§ Short web captions:
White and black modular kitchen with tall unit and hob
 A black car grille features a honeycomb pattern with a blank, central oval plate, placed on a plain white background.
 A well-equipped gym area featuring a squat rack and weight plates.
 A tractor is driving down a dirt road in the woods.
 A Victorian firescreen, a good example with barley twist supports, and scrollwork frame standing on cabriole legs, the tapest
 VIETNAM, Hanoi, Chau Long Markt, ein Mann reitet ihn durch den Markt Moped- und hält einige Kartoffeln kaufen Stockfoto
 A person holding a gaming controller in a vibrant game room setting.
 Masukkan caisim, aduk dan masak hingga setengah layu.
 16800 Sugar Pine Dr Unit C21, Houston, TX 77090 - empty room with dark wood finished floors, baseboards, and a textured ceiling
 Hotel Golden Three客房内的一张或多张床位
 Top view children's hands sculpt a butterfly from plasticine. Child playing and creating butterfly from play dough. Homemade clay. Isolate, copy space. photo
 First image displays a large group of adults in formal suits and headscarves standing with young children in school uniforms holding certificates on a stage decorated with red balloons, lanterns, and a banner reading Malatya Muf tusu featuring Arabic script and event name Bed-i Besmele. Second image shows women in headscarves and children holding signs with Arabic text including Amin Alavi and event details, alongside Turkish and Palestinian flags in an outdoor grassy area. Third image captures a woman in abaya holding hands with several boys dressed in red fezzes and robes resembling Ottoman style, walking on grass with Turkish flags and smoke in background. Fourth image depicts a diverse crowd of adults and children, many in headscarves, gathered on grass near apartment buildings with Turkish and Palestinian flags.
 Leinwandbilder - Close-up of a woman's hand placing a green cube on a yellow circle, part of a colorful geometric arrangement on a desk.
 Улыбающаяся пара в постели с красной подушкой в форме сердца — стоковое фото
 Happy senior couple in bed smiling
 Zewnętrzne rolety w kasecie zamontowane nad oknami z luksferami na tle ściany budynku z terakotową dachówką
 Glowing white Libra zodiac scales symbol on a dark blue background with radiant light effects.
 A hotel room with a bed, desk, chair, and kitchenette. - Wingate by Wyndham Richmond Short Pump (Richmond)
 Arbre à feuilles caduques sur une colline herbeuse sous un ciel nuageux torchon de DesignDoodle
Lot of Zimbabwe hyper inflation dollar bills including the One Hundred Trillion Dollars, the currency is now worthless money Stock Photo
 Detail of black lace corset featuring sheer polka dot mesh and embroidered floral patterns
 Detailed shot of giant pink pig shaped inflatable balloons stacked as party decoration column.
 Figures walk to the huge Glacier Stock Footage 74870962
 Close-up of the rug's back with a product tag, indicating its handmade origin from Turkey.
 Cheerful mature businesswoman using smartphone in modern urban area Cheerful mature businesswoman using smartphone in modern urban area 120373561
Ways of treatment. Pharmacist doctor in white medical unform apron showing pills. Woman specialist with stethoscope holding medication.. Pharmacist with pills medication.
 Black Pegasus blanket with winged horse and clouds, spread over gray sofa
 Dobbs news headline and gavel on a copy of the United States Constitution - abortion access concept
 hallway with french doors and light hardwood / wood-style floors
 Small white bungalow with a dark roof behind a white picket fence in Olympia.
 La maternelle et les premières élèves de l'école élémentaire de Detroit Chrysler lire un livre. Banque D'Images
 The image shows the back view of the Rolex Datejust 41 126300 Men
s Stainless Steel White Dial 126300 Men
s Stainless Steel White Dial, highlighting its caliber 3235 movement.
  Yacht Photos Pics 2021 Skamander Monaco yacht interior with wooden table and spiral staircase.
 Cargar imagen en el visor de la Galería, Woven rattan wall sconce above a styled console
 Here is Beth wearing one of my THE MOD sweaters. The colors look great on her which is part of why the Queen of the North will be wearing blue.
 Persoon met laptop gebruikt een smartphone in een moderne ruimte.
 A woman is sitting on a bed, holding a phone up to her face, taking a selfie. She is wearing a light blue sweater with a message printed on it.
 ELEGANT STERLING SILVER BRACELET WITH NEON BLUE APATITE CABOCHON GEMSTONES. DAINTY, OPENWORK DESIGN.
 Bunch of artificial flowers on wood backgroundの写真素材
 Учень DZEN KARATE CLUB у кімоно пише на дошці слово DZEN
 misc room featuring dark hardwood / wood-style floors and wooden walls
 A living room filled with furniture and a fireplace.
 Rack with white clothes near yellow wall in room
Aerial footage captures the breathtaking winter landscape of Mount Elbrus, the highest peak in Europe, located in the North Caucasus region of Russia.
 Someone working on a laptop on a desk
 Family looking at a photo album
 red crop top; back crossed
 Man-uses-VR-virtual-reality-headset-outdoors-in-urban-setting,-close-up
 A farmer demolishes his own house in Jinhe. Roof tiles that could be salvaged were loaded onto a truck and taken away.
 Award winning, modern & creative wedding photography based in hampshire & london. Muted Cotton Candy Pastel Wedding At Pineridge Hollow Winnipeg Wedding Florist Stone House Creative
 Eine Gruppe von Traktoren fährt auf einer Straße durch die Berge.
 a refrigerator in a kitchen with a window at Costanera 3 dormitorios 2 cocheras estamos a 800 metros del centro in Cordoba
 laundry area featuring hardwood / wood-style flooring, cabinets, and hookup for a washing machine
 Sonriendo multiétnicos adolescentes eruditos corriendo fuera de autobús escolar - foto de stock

§ DIRECTIONS: Your reply is to repeat, unchanged, the lines above running from the one with "Hotel Golden Three客房内的一张或多张床位" up to and including the one with "Top view children's".

§ REPLY:
 Hotel Golden Three客房内的一张或多张床位
 Top view children's hands sculpt a butterfly from plasticine. Child playing and creating butterfly from play dough. Homemade clay. Isolate, copy space. photo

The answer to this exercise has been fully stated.